Keywords: Abdominal colic, infantile colic,breasfeeding

How to cite this article:
Ghatak N, Saleem SM, Bhattacharya S. Infantile colic in exclusive breast feed babies: A clinical dilemma. J Surg Spec Rural Pract 2021;2:32-3

How to cite this URL:
Ghatak N, Saleem SM, Bhattacharya S. Infantile colic in exclusive breast feed babies: A clinical dilemma. J Surg Spec Rural Pract [serial online] 2021 [cited 2023 Mar 31];2:32-3. Available from: http://www.jssrp.org/text.asp?2021/2/2/32/324484

Exclusive breastfeeding up to the age of 6 months is promoted by all government and nongovernment health agencies in India and all over the globe because of its overwhelming scientific evidence. Even having strong supporting evidence for breastfeeding, report reveals that the prevalence of EBF at five months of age are 43.7% from southern part of India and 54% from North-east India, respectively.[1] While this figure is even less when we compare with the rest of the world (37%) for children of 6 months of age,[2] which is quite worrisome. The benefits of breastfeeding are enormous for the child and the mother and it helps prevent gastrointestinal infections and other gastrointestinal complication at an early age. In our clinical practice, we observe that many neonates and infant on exclusive breastfeeding who are apparently well present with a sudden onset of excessive intermittent cry throughout the day for 2-3 days without any obvious clinical cause. Sometimes, they even have mild gaseous distension of the abdomen, giving pressure to the abdomen (like Valsalva), contractions of the abdominal wall, and occasionally refusing to suck mothers' milk.

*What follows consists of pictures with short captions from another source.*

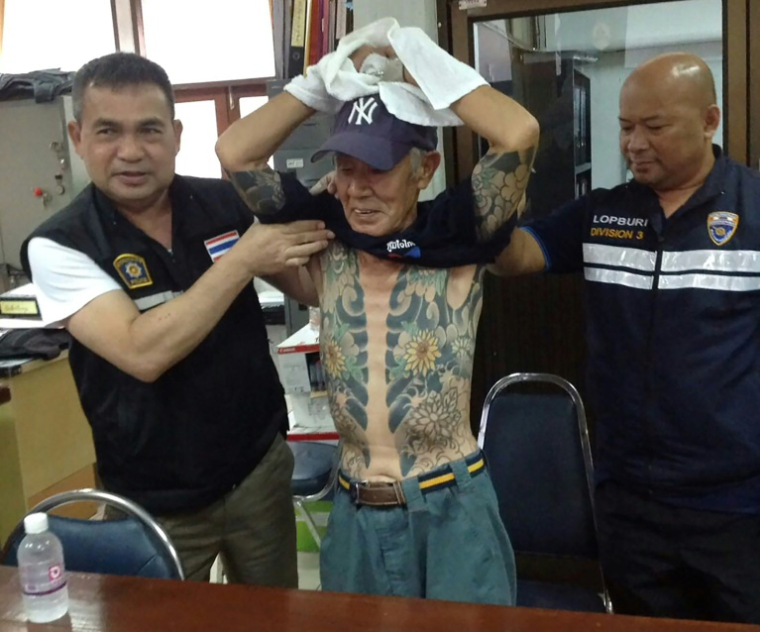 Les tatouages du chef yakuza à la retraite Shigeharu Shirai (D) exhibés par la police thaïlandaise qui l'a arrêté après 14 ans de cavale, le 10 janvier 2018 dans la province de Lopburi (centre de la Thaïlande) ( THAI ROYAL POLICE / Handout )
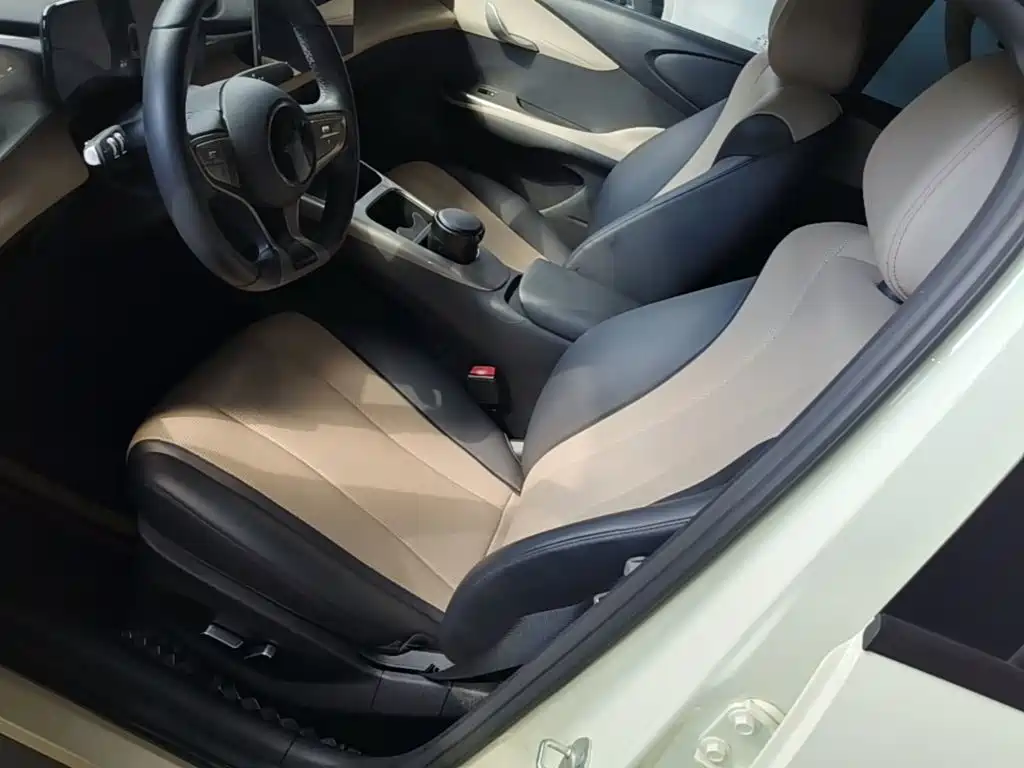 BYD Dolphin — миниатюра 15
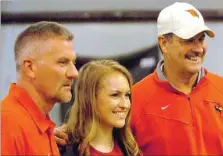  ?? MARK HUMPHREY ENTERPRISE-LEADER ?? Oakley Sisemore (center), shown celebratin­g, accepting a scholarshi­p offer from the University of Arkansas with Farmington high school coaches Randy Osnes and Steve Morgan, played in the 2014 Softball All-Star game on the University of Central Arkansas...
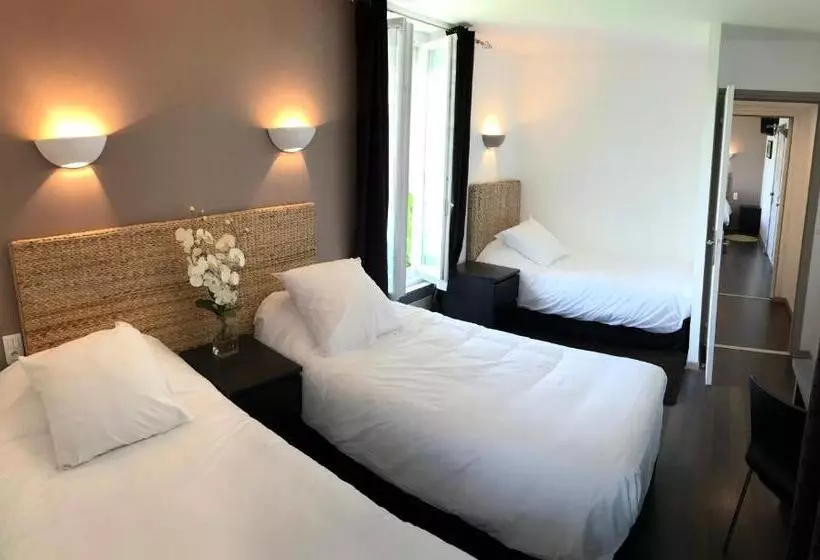 スタンダードトリプルルーム, Hôtel Du Château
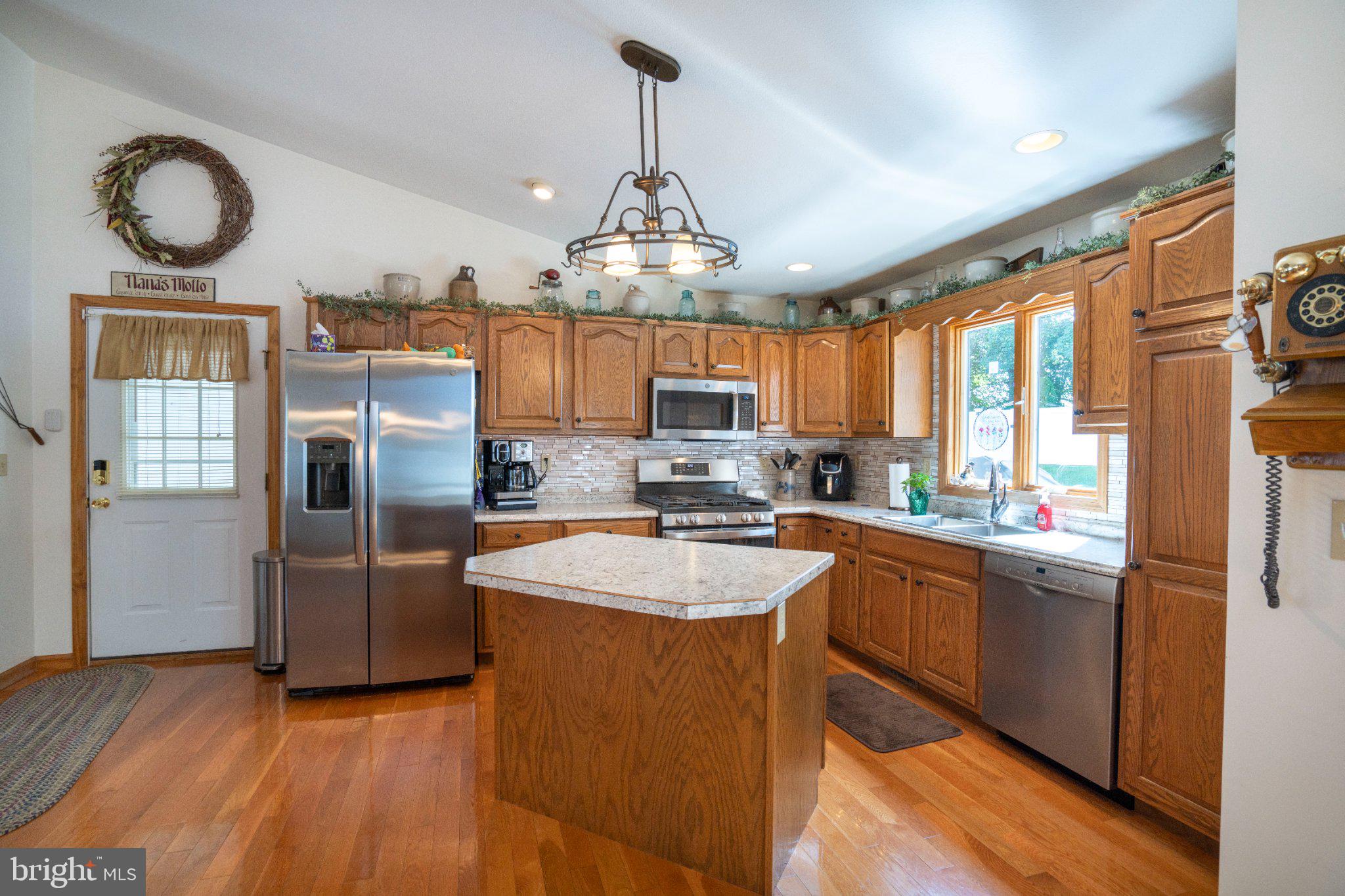 BURNHAM FARM ESTATES - Residential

As the onsets is sudden and associated with distension of the abdomen, surgical cause is often considered as the differential diagnosis. As vomiting is usually absent in all cases, possibility of obstruction is ruled out. Still, to exclude the intermittent intussusception, an ultrasonogram can be done, which exclude the surgical causes.

In this scenario, what needs to be done? The maternal detailed food history needs to be taken. Astonishingly, in clinical practice, it is observed that almost in all such cases, there is a history of chicken, mutton, or some other spicy food intake within 24–48 h of onset of these atypical symptoms.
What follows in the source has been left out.